Consumer Guide To Poinsettias By John Dole, Allen Hammer and Jim Barrett

As any retailer or grower will tell you, marketing is as much — or more — an art as it is a science. Certainly growers can keep track of which poinsettia cultivars and colors are sold each year and use that information to help plan for the next year. This assumes, of course, that they know when a cultivar or color ran out. Even with all of that work, however, variations in sales of specific colors and cultivars from year to year can drive a crop scheduler insane. Marketing surveys can make the forecasting a little easier, and we have the results from three universities and one retailer to help you: Purdue University, University of Florida, North Carolina State University and Homewood Nursery and Garden Center.

Collecting The Information

Each site conducts its survey slightly differently, so before we can give you our results, we need to give you the particulars of how the information was collected.

Purdue University. Purdue's poinsettia evaluations were conducted in cooperation with White River Gardens, Indianapolis, Ind. Plants were displayed in a conservatory and arranged in three different groups. In the first group, all of the 109 cultivars in the trial were labeled by name and breeder. Visitors were asked to pick their 1st, 2nd and 3rd favorite cultivar from this group. The second grouping contained the most important 16 red cultivars, identified only by number. Visitors were asked to select their 1st, 2nd and 3rd favorite red cultivar (which ones they would purchase). The third group contained 10 novelty cultivars also only identified by number. Visitors were asked to select their 1st, 2nd and 3rd favorite novelty cultivars (which ones they would purchase). Depending on the group of plants, results were based on 1,204-2,013 responses.

University Of Florida. At the University of Florida evaluations were conducted in the production greenhouses. Selected cultivars were arranged in groups of 10, and participants were asked to select the three cultivars they would purchase.
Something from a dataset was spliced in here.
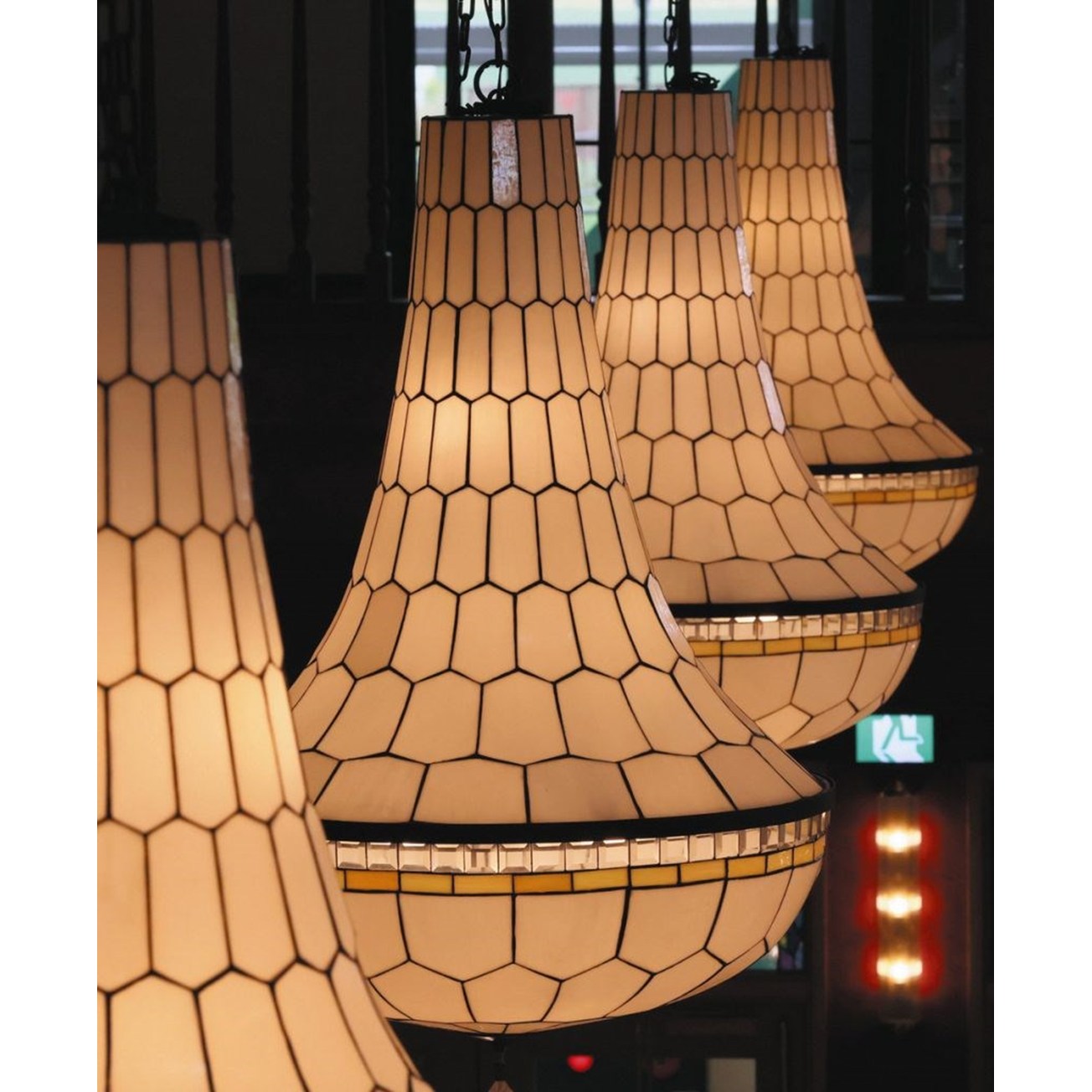 Tiffany Hanglamp Wissmann Jewel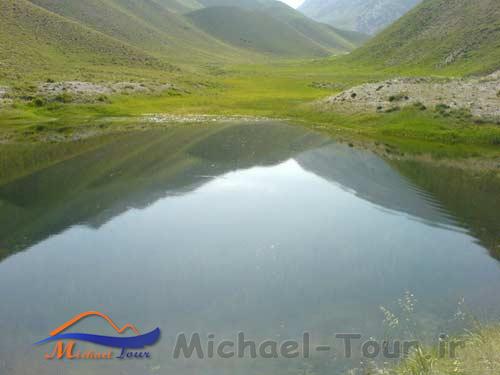 دریاچه سد دریوک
Other cultivars were arranged in groups of four and participants were asked which single plant they would purchase. The plants in all groups were identified only by number. Results were based on 265-280 responses.

Homewood Nursery. At Homewood Nursery and Garden Center, Raleigh, N.C., the public voted for their five favorite poinsettias out of a group of 45, each identified by a number. Customers were asked to select their five favorites without ranking them. The survey was conducted from Nov. 19 to Dec. 10, and 598 people cast votes.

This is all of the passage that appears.